Definition of conic hull:

$\text{Conic} \space C = \{\Sigma_{i=1}^{k}\theta_i x_i | x_i \in C, \theta_i\in\mathbb R_+\}$

it is the set of conic combinations of some points of $C$.


My proof:

$K = \{\theta \textbf v| \textbf v \in \text{conv} \space C, \theta \in \mathbb R_+ \} = \text{conic C}$

For proving this: we should show $K \subseteq \text{conic C}$ and $\text{conic C} \subseteq K$.
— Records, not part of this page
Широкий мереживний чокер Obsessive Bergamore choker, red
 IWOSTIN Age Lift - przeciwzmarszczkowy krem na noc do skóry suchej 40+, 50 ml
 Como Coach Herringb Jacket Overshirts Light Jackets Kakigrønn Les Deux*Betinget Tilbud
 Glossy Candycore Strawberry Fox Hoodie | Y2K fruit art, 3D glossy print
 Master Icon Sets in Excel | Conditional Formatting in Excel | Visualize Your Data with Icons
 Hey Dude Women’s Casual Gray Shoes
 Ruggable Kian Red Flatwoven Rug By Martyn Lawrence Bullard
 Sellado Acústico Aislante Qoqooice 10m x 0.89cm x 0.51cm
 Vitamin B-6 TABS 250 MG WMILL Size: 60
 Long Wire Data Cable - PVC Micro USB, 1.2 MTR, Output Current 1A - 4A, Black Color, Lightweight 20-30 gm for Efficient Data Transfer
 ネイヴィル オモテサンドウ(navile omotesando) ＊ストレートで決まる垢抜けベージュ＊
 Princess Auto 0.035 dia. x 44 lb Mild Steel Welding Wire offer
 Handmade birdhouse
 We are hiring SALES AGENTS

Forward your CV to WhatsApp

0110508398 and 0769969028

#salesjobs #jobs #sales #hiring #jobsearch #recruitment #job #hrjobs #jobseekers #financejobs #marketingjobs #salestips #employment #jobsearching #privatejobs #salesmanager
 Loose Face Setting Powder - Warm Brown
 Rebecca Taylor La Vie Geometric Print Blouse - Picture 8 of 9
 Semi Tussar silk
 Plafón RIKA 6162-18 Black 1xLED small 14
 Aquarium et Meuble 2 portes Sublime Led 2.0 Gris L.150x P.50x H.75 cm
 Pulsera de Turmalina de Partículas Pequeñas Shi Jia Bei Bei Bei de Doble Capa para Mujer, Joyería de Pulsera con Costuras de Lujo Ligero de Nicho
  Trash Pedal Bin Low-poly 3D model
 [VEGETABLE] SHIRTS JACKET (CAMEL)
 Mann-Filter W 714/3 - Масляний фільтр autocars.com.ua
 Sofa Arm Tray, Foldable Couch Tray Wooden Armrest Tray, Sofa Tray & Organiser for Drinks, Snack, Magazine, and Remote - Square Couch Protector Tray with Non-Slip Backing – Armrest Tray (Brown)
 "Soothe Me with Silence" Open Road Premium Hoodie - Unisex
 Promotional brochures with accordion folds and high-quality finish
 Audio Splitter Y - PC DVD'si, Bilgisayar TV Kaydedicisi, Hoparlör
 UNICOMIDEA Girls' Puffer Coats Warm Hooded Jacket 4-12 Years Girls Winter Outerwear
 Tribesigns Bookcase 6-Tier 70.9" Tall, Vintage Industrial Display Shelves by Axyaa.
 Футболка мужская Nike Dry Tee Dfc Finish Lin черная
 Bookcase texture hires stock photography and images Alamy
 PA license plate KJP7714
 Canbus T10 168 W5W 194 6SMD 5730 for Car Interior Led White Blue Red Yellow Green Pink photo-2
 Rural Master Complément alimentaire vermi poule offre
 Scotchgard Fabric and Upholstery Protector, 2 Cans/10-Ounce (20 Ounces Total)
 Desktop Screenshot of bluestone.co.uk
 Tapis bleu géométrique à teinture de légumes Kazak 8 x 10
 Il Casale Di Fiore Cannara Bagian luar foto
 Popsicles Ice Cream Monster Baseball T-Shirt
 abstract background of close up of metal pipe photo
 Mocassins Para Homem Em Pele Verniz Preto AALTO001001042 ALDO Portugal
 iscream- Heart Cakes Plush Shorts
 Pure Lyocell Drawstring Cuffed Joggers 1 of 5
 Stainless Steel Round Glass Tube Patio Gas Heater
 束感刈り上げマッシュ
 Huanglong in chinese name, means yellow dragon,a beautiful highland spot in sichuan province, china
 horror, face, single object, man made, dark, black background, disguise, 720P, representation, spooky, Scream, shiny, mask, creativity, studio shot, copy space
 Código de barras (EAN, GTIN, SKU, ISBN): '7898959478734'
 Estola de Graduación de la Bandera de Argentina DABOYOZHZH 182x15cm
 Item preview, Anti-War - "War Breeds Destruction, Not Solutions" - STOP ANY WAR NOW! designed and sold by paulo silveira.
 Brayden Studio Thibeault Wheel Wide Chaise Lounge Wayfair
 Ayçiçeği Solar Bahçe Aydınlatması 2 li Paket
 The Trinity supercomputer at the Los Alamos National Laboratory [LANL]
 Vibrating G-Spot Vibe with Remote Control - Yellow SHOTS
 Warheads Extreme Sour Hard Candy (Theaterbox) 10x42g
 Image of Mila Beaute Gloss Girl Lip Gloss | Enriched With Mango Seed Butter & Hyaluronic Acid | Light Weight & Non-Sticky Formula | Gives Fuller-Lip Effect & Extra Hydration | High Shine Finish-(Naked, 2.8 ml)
a. $K \subseteq \text{conic C}$:

suppose $\textbf{x} \in K$, then: $\textbf{x} = \theta \textbf{v}$ where $\textbf{v} \in \text{conv} \space C$, $\theta \in \mathbb R_+$ $\Rightarrow$ $\textbf{v} = \sum_{i} {\theta_i} x_i$, $x_i \in C$, $\Rightarrow$ $\frac{x}{\theta} = \sum_{i} {\theta_i}x_i$ $\Rightarrow$ $x = \sum_{i} {\alpha_i x_i}$ where ${\alpha_i} = \theta_i \theta$ $\in \mathbb R_+$ $\Rightarrow$ $\textbf{x} \in \text{conic C}$.

b. $\text{conic C} \subseteq K$:

suppose $\textbf{x} \in \text{conic C}$, then: $\textbf{x} = \sum_i{\theta}_i x_i$, where $x_i \in C$, $\theta_i \in \mathbb R_+$ $\Rightarrow$ $\frac{{\textbf{x}}}{\theta} = \sum_i{\frac{\theta_{i}}{\theta}}{x_i} $ where $\theta = \sum_i{\theta_i}$ $\Rightarrow$ $\frac{{\textbf{x}}}{\theta} = \sum_i{\lambda_{i}}{x_i} $ where $\sum_i {\lambda_{i}} = 1$ $\Rightarrow$ $\textbf{x} = \theta \textbf{v}$ where $\textbf{v} = \sum_i{\lambda_{i}}{x_i} \in \text{conv} \space C$.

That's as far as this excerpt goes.